Ist Lehmann jetzt der bessere Kahn? „Meine Frau sagt, ich sei ihr fremd, wenn ich Fußball spiele.

Ist Lehmann jetzt der bessere Kahn?

„Meine Frau sagt, ich sei ihr fremd, wenn ich Fußball spiele.“ Im Tor sei er ein anderer Mensch, er müsse ein gewisses Maß an Aggressivität aufbauen, weil er als Torwart mehr als andere mit extremen Situationen rechnen müsse. „Das heißt auch, ich lasse ein bisschen meinen Verstand draußen.“

Das hat Jens Lehmann vor über vier Jahren erzählt. Damals war Lehmann noch die Nummer zwei im deutschen Tor, hinter seinem Rivalen Oliver Kahn. Aber vielleicht wusste Frau Lehmann ja schon sehr viel früher, dass sehr viel mehr von Oliver Kahn in ihrem Manne steckt. Nur leider konnte er es der Nation lange nicht zeigen. Bis jetzt, bis zum Elfmeterschießen gegen Argentinien. Und vielleicht ist deshalb die Entscheidung von Jürgen Klinsmann für Jens Lehmann eine, die am Ende den Titel bedeutet.
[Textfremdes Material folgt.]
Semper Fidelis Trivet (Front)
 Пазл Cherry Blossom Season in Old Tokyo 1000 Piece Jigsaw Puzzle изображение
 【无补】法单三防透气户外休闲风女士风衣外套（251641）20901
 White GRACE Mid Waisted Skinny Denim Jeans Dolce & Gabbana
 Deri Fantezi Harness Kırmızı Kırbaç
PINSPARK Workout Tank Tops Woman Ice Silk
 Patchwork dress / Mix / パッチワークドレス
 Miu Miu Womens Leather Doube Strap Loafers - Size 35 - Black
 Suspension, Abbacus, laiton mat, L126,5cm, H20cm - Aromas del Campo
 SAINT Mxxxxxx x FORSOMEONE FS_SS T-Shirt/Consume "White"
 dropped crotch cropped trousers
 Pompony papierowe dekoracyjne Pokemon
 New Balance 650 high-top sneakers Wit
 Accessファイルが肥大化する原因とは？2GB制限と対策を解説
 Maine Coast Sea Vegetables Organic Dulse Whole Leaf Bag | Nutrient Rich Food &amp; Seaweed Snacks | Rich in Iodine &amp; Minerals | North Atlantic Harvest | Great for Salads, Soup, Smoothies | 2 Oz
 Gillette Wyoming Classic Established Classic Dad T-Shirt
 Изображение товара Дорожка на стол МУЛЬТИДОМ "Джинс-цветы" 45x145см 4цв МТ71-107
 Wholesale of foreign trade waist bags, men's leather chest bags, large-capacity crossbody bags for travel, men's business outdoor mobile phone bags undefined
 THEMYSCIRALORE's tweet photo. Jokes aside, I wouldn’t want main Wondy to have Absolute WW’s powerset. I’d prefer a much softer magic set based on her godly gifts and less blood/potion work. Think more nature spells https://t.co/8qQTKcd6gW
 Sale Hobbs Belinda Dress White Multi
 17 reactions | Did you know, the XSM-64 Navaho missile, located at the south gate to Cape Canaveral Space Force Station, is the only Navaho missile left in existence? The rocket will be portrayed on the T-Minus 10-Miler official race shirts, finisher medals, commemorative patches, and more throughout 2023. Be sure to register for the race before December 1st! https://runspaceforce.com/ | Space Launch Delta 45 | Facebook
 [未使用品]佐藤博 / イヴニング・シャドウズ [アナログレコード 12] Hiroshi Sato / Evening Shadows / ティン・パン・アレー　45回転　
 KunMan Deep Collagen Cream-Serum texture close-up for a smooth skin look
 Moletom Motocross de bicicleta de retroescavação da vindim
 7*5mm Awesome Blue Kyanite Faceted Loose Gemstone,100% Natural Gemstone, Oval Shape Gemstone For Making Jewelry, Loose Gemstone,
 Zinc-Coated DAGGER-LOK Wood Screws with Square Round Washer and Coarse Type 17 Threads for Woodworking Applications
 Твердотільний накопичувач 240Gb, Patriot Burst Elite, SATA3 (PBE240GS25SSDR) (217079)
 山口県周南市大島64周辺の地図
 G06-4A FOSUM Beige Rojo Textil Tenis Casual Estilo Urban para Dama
Es ist noch gar nicht so lange her, dass sich die Mehrheit der Deutschen mit einem Oliver Kahn im Rücken irgendwie sicherer gefühlt hätte. Diese Nation hat ja bekanntlich ein ganz besonderes Verhältnis zu ihren Torstehern; zu Toni Turek, zu Sepp Maier, zu Toni Schumacher, zu Oliver Kahn. Ohne ihre Torhüter hätte Deutschland ein paar WM-Finals nicht gewonnen, ja gar nicht erst erreicht.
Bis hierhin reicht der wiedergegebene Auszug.